• Assignment:
Please reproduce the data exactly, though every picture must stay out.

◆ ◆ ◆ ◆ ◆ ◆ ◆

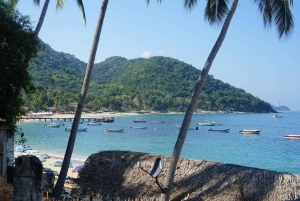 Puerto Vallarta: Playas Escondidas y Aventuras en el Mar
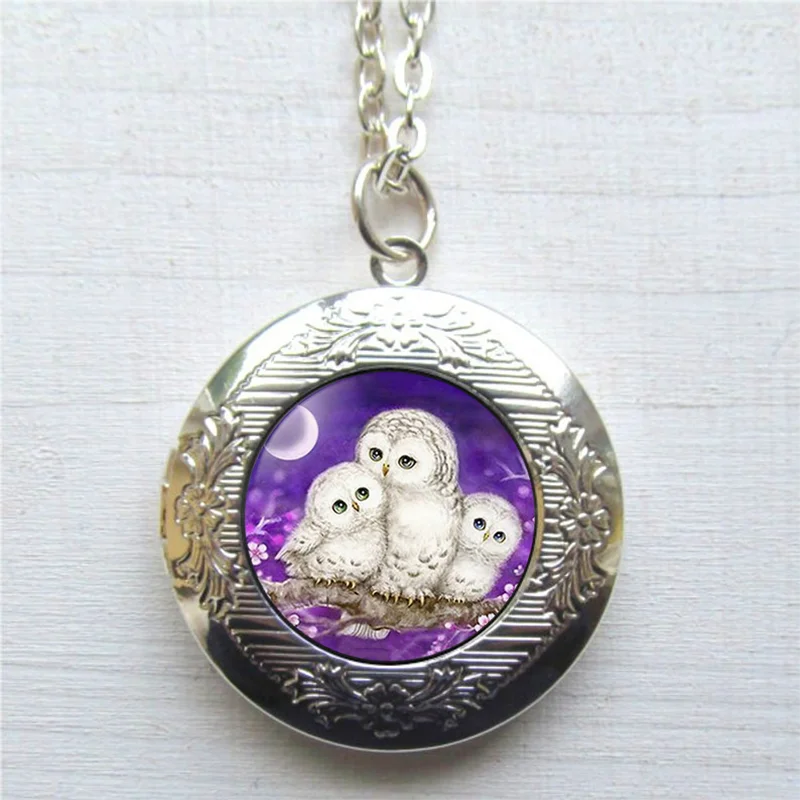 Retro Cute Owl Locket Photo Glass Cabochon Crystal Pendant Necklace Birthday Festival Anniversary Gift Jewelry Accessories | Украшения и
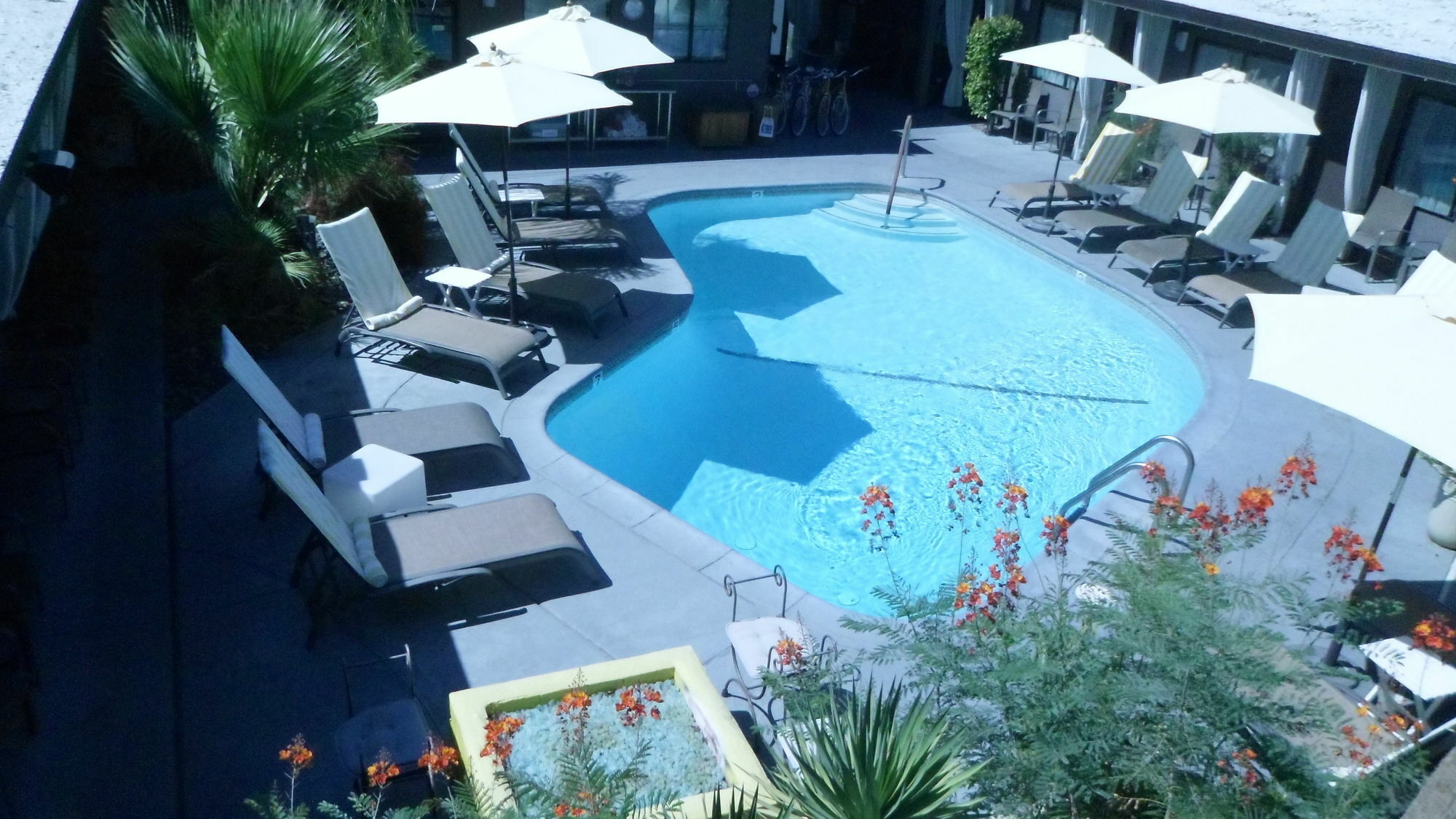 Avanti Hotel Palm Springs Exterior photo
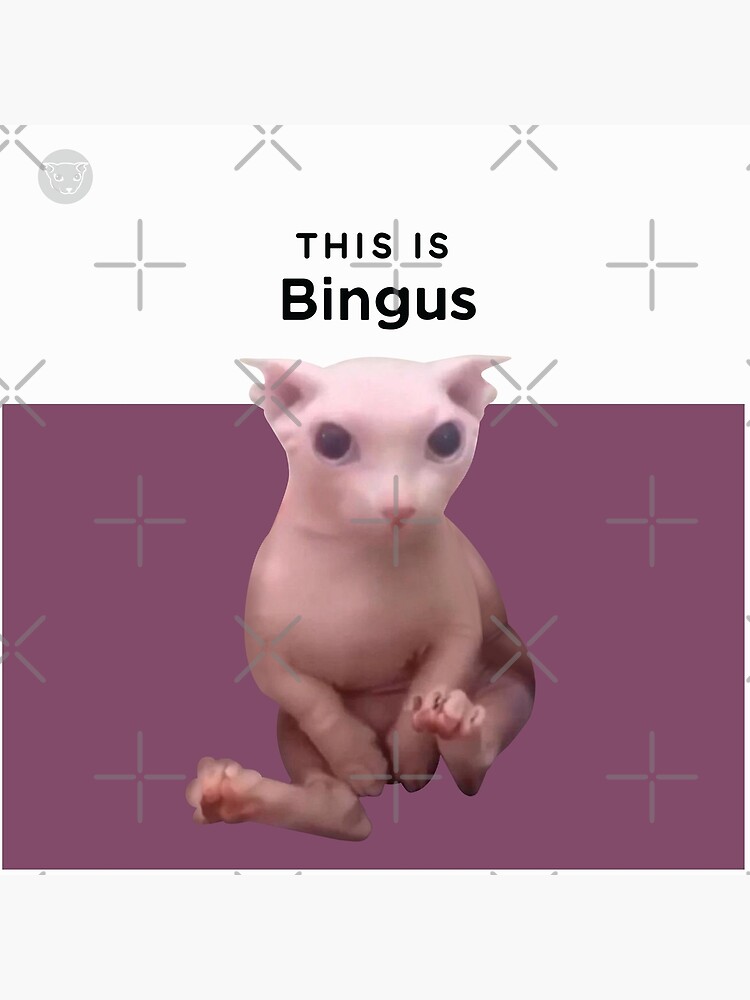 bingus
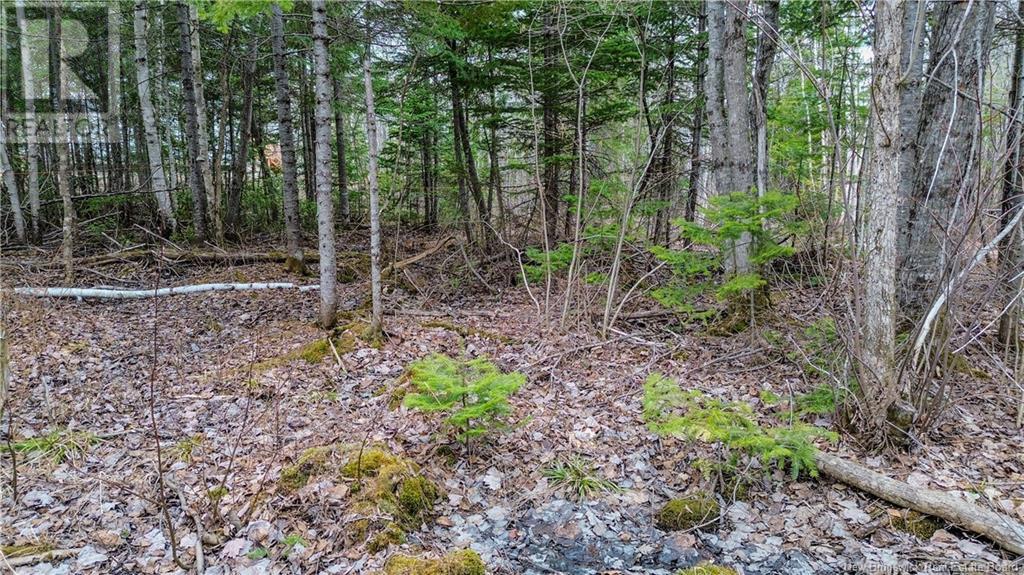 Na Morrison, Beresford, New Brunswick  E8K 2H8 - Photo 5 - NB111914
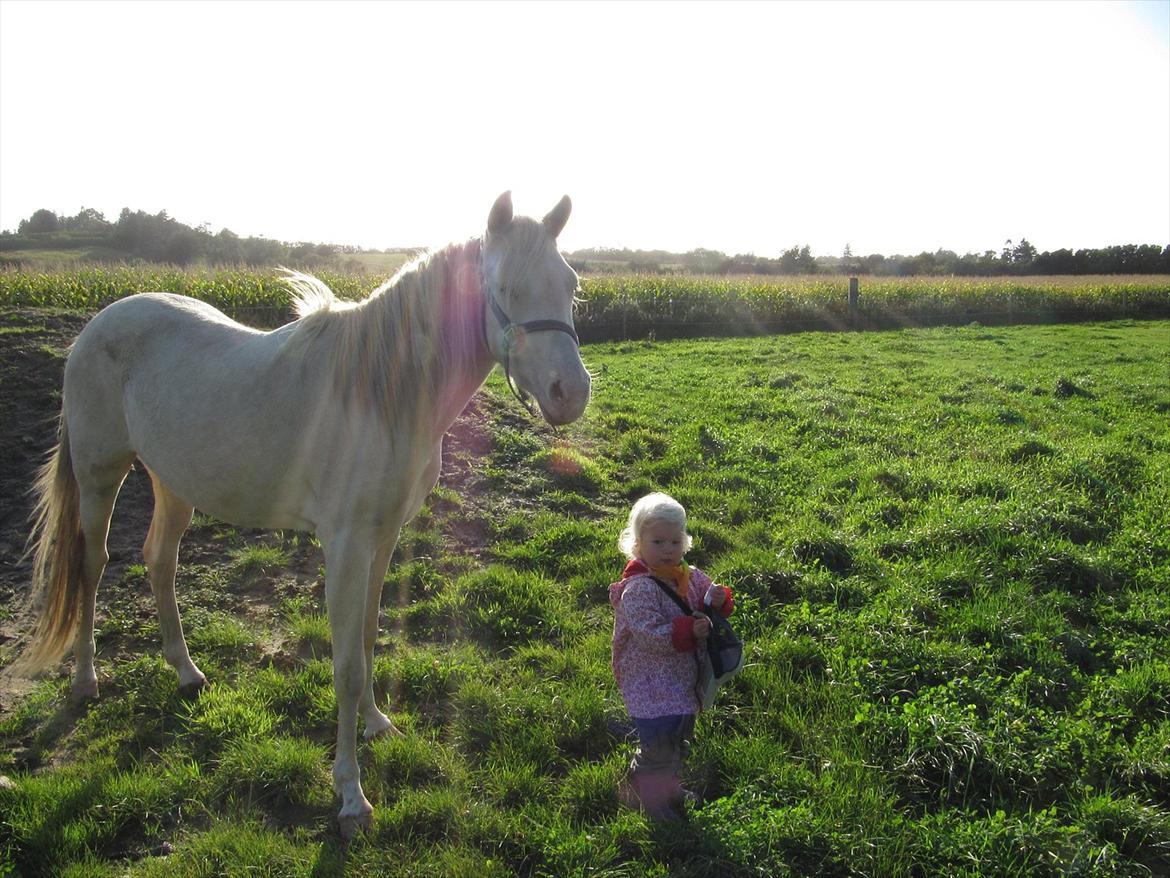 Palomino Stald Englunds Nadine billede 11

◆ ◆ ◆ ◆ ◆ ◆ ◆

• Result for this exercise:
 Puerto Vallarta: Playas Escondidas y Aventuras en el Mar
 Retro Cute Owl Locket Photo Glass Cabochon Crystal Pendant Necklace Birthday Festival Anniversary Gift Jewelry Accessories | Украшения и
 Avanti Hotel Palm Springs Exterior photo
 bingus
 Na Morrison, Beresford, New Brunswick  E8K 2H8 - Photo 5 - NB111914
 Palomino Stald Englunds Nadine billede 11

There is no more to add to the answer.